I see below that you are able to use HTML tags. Why not put the
“nonsense” in strike throughso I can clarify my “nonsense” for your understanding.OR should I accept that you are not really interested in a discussion – only unilateral Tweets that go beyond the 140 character limit?
BWA HA HA HA HA
Be nice! I sort of like you! :)
June 4, 2011, 9:43 am Fatal Fatalism
Our current economic discourse is pervaded by fatalism. Leave aside the people who insist that somehow Obama has destroyed capitalist incentives by passing Mitt Romney’s health care plan and threatening to raise tax rates to Clinton-era levels. Even among people who should be sensible, you hear many assertions that run something like this: historically, recovery from financial crisis is usually slow, so we have to accept a slow recovery this time around too. Actually, that’s more or less what Obama has been saying.
This fatalism is deeply destructive — because there’s no good reason we need to experience many years of high unemployment. What historical experience shows isn’t that there’s no answer to post-crisis slumps, it only shows that most governments have responded to such slumps with the same kind of fatalism and learned helplessness we’re showing now. (Hey, Greg, I have first dibs on that!)
We are not, after all, suffering from supply-side problems. We don’t have high unemployment because workers lack the necessary skills, or are stuck in the wrong industries or the wrong locations; the hypothesis that we’re mainly suffering structural unemployment has been repeatedly shot down by evidence. This is a demand-side slump; all we need to do is create more demand.
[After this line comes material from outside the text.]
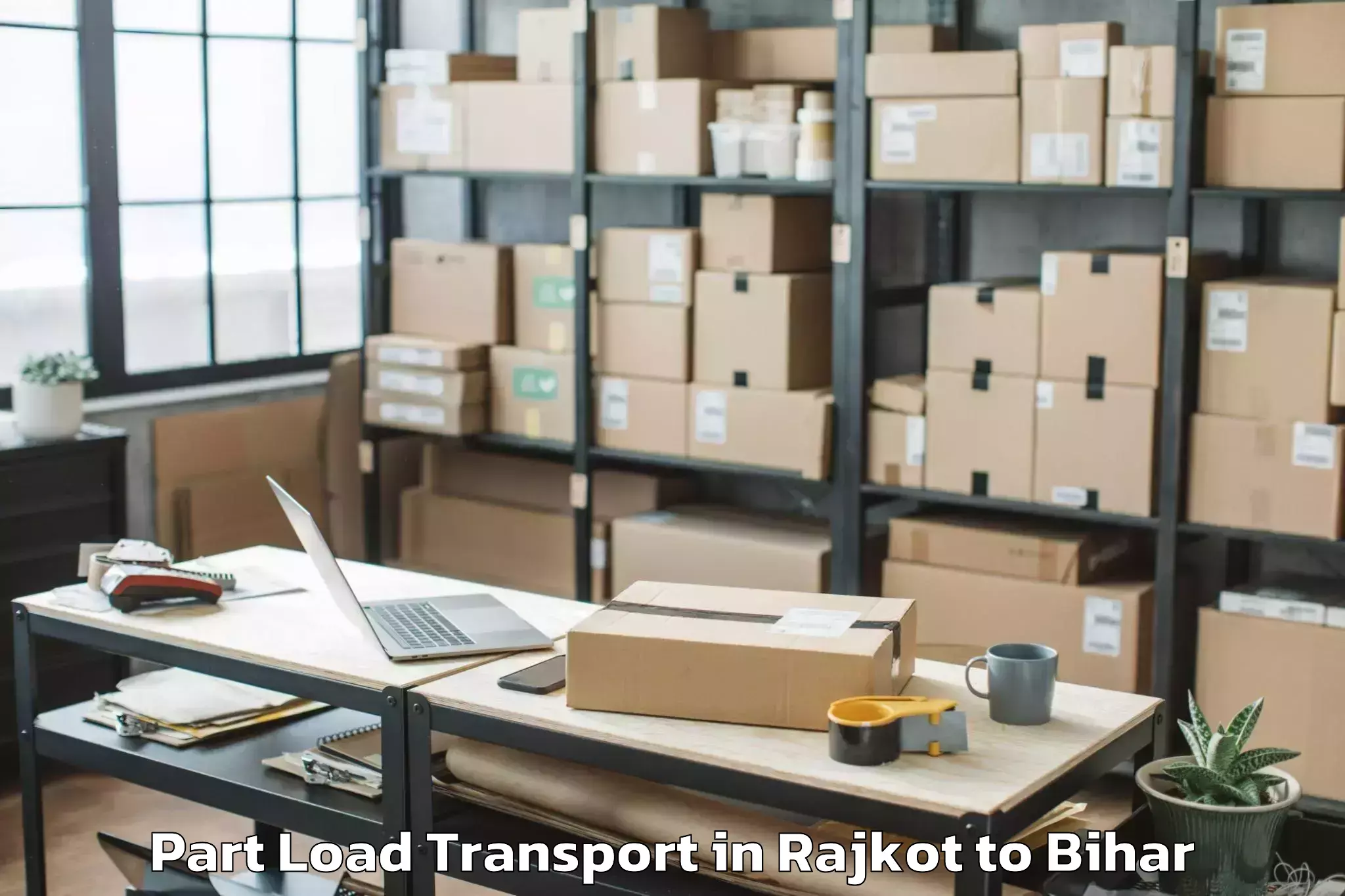 Book Rajkot to Tetaria Part Load Transport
So why is this slump, like most slumps following financial crises, so protracted? Because the usual tools for pumping up demand have reached their limits. Normally we respond to demand-side slumps by cutting short-term nominal interest rates, which the Fed can move through open-market operations. But we now have severely depressed private demand thanks to the housing bust and the overhang of consumer debt, so even a zero rate isn’t low enough.
So what’s the right response? Should we just throw up our hands, and say that having 12 million or so adults who should be working out of work, and roughly $1 trillion per year of output we should be producing not getting produced, is just a fact of life? Or should we be using unconventional policies to deal with an abnormal situation?
The answer seems obvious. We should be using fiscal stimulus; we should be using unconventional monetary policy, including raising the inflation target; we should be pursuing aggressive measures to reduce mortgage debt. Not doing these things means accepting huge waste and hardship.
But, say the serious people, there are risks to doing any of these things. Well, life is full of risks. But it’s simply crazy to put a higher weight on the possibility that the invisible bond vigilantes might manifest themselves, or the inflation monster emerge from its secret cave, over the continuing reality of enormous human and economic damage from doing nothing.
The truth is that we have nothing to fear but fear itself — fear and complacency — the two things we have to fear are — amongst our fears ….
Anyway, seriously, the fatalism that has overtaken economic debate is a terrible thing. It is, indeed, the main enemy of prosperity.
http://krugman.blogs.nytimes.com/
This video can’t be posted enough. Old grandmas & grandpas go out of the nursing homes and over the cliffs, with the GOP’s plans for medicare/medicaid plans.
LMAO @ CRAPTACULAR!
Good Post! You rock, Ametia
LOL We can’t have the Affordable Care Act working for the hard working Americans now can we?
It’s working, and the GOP want to destroy what’s working by decimating MEDICARE/MEDICAID.